WORK INSTRUCTIONS: Each line of the data below between the one containing "Debora Serracchiani (Presidente" and the one containing "Etui do Samsung", both included, is to be repeated exactly. Please omit pictures.

INFORMATION PROVIDED:
..........
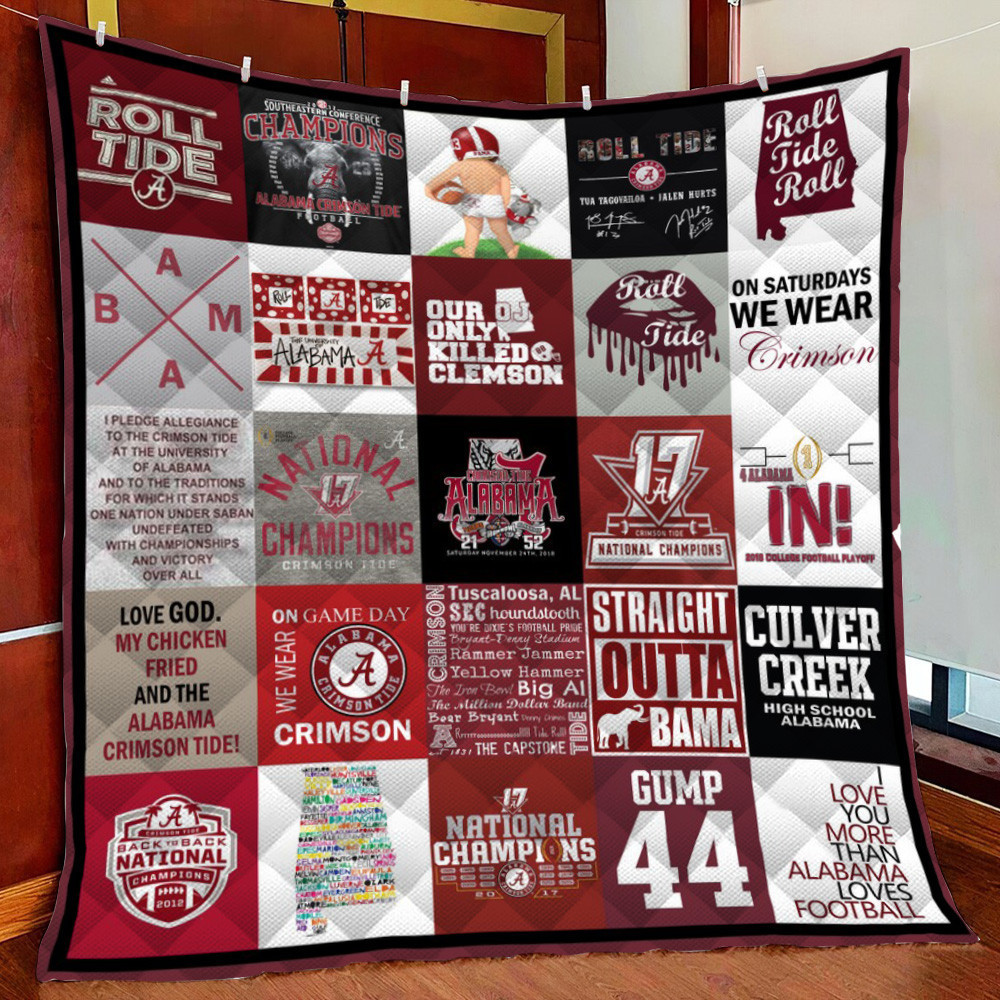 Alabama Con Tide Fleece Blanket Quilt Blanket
..........
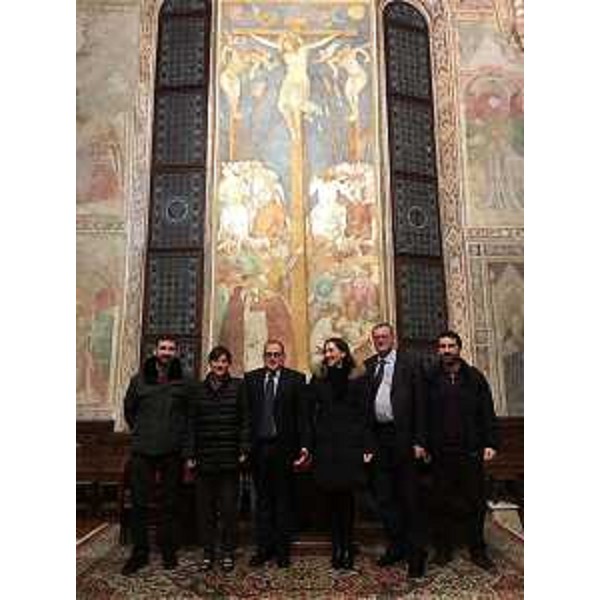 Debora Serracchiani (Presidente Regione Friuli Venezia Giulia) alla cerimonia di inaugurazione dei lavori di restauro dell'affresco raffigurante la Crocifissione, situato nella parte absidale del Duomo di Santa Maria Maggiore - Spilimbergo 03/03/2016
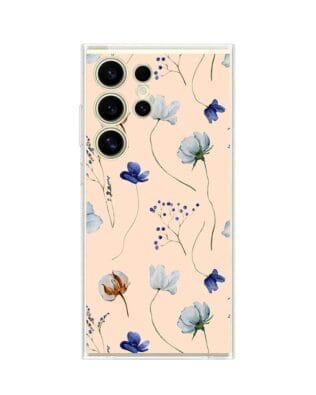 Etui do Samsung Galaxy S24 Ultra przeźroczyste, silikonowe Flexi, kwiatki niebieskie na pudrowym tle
..........
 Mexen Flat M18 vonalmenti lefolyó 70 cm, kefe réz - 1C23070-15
..........
SOLUTION TO THIS PROBLEM:
 Debora Serracchiani (Presidente Regione Friuli Venezia Giulia) alla cerimonia di inaugurazione dei lavori di restauro dell'affresco raffigurante la Crocifissione, situato nella parte absidale del Duomo di Santa Maria Maggiore - Spilimbergo 03/03/2016
 Etui do Samsung Galaxy S24 Ultra przeźroczyste, silikonowe Flexi, kwiatki niebieskie na pudrowym tle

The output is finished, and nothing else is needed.